The Wunderbar World of Werner



In his work, Werner Herzog is completely submerged in a world where situations at the limits of human existence; at points where it is difficult to discern between what is human and what is animal life; where the average, everyday universe is undermined by superstitions, the fantastical, obsessions and premonitions.  In Jeder fur sich und Got gegen alle (The Enigma of Kaspar Hauser, 1975) here is an example of how the distinction between human beings and animals has been eroded because Kaspar (Bruno S) had been kept in complete isolation during his early life, and as a ramification cannot utilize or understand language properly. In Aguirre, der Zorn Gottes ( Aguirre, Wrath of God, 1973) a compulsive quest pits the hero against both the hostility of nature and that of other human groups until he is reduced to an animal-like level and inevitably obliterated.






As well as this exercise in extreme situations, the character of Herzog's film-making is most clearly defined by its awareness of the material world. Frequently nature is depicted in terms of a hostile grandeur - volcanoes, jungles or deserts - whereas human physical world is presented in antithesis to that. The German and Flemish towns that provide the environment in a number of his films are seen as exquisite, unwavering, not touched or ravaged by time, museum-like, but the external world very often is one that is infinitely less dramatic.



                   Are ye speaking to me?

Since Herzog began directing in the early Sixties, Herzog has worked on a consistent basis, having made feature films as well as several acclaimed documentaries. Despite his productivity, he is in an important sense not a professional film-maker. Rather like the long, soulful journey through the rise of the West era via South America of Aguirre, Wrath of God, film-making is for Herzog, an obsessional activity designated to test his energy, industriousness and courage. Nowhere could this theory hold more truth, than in his filming of Fitzcarraldo (1982), a laborious Amazon trek.

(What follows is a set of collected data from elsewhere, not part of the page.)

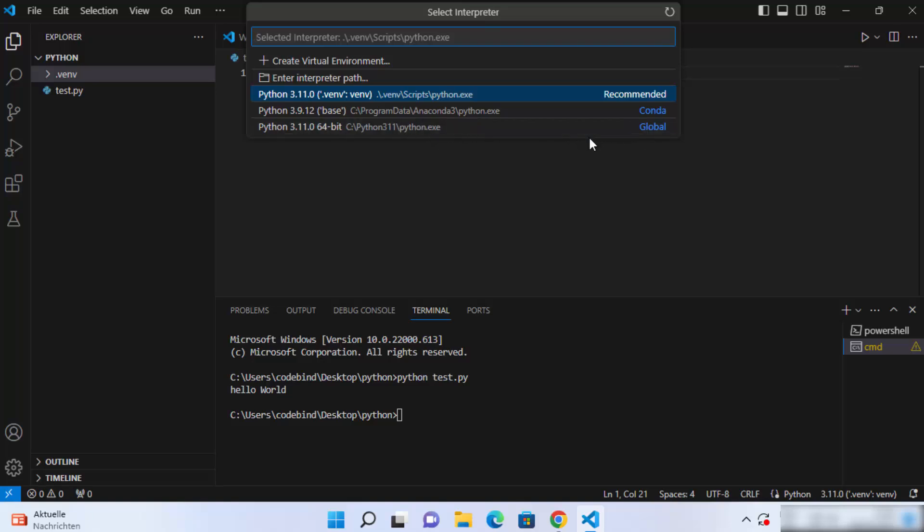This is how you can add the Python interpreter in your Visual Studio Code editor. I hope you've enjoyed this video and I will see you in the next one.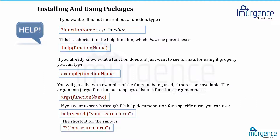If you want to understand the parameters kept in a function, functions have various attributes — a function can have only one parameter, 100 parameters, or some default parameters where the parameter is already tuned and you have an option to change it. To see all the different arguments available, you can use the function 'args' and type the function name, and it will give you a list of all the arguments present within that function.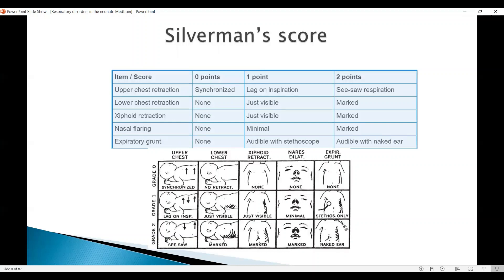The Silverman score has a little more detail on the work of breathing. We have the upper chest retraction, the lower chest retraction, the xiphoid retraction, dilation of the nares, and presence or absence of grunt. It's different from the Downscore — the Downscore can be applied in both term and premature babies. However, since the Silverman score puts a lot of input on chest wall-related criteria, it fits more with premature babies with lung disease. For upper chest retraction: synchronized is zero points, lag on inspiration is one point, and see-saw respiration is two points.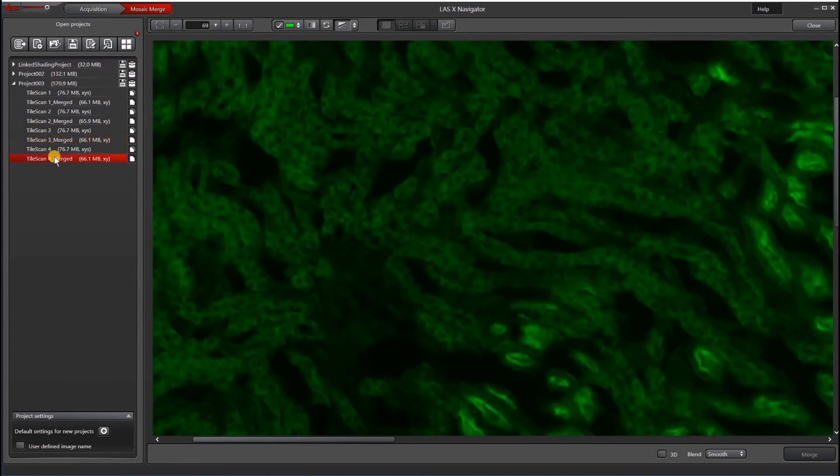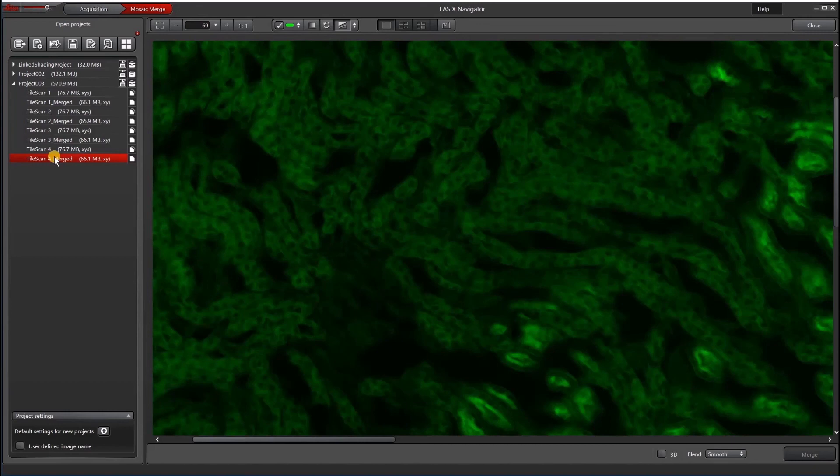If you're having issues getting an in-focus image with AFC, make sure that your objective is compatible, and that your sample is clean and flat, and that the AFC position is holding green the whole time you're imaging. It always helps to have high-quality imaging chambers.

The film's story concerns a heroic, yet eccentric protagonist in Klaus Kinski who dreams of constructing an opera house in the heart of the Amazon jungle.



    What's a rainforest without an opera house, eh? ( Fitzcarraldo)

Herzog's cinema is indeed rooted in the romantic tradition- anti-bourgeois and anti-rational. In maintaining his romantic outlook, it is animated by a spirit of pathos, stressing the beauty and hostility of a naked world, the mystique and insecurity of human existence. Albeit, it is a cinema that is also open to intense critical objections. It can be a subject of debate, and some have deemed his works (present company excluded) the worst of art cinema, and that the films draw upon associations from the traditional established arts to claim a quality that they just don't intrinsically possess.




      Lost inside the adorable illusion of Herzog's Heart of Glass


With that being mentioned, some of Herzog's films are difficult to defend from this type of critique. Herz aus Glas ( Heart of Glass, 1976) for instance - based on a simple story about the disappearance of a formula for making a particular style of glass - it is so rife of long-held shots and seemingly grotesque and inexplicable behavior that the story fails to hold the weight of its treatment, thus resulting in a tiresome and unconsciously funny outcome. In Nosferatu: Phantom der Nacht (Nosferatu the Vampyre, 1979) the traditional vampire story is treated in an identical fashion, making unavoidable, the ever present precariousness in the horror genre, namely the risk of teetering and ultimately tipping over into the plain ridiculous.




   In Stroszek, it's life accordion to Bruno

Strangely enough, irrespective of Herzog's preference for historical contexts, one of his most appealing and successful films, Stroszek (1977), has a modern setting. It opens in a milieu more reminiscent of that other Werner, (how could I ever resist an opportunity to plug my hero)? Fassbinder - into an underworld of petty criminals, prostitutes and pushers - before moving to contemporary day America, where an immigrant German worker encounters unlivable hardships. What the film conveys most is how very essential a part innocence plays in Herzog's particular breed of film-making. It is the ability to serve as an 'innocent eye' that allows him to create striking imagery: the simplicity with which the arrival of a mobile home is observed suggests charm, an approachable freshness and the construction of innocent key characters, permits Herzog to enrich the film with the gentlest of humor.




                    These chaps are going to tow that dump truck the hard way


Humor is also alive and well and it peppered the film Wo die grunen Amerisen traumen (Where the Green Ants Dream, 1984), set in Australia and centering on a fictional conflict between big mining interests and Aboriginal customs and traditions.

But how can we not love a man that is willing to remove his shoe and cook it for dinner, and can still come out smelling like roses when he appears as himself in buddy Les Blank's garlic-umentary, Garlic Is As Good As Ten Mothers (1980)
Herzog revisits his trusted desert setting in an upcoming film,about the life and times of archaeologist Gertrude Bell, Queen of the Desert starring Naomi Watts is due to hit a cinema near you in 2013.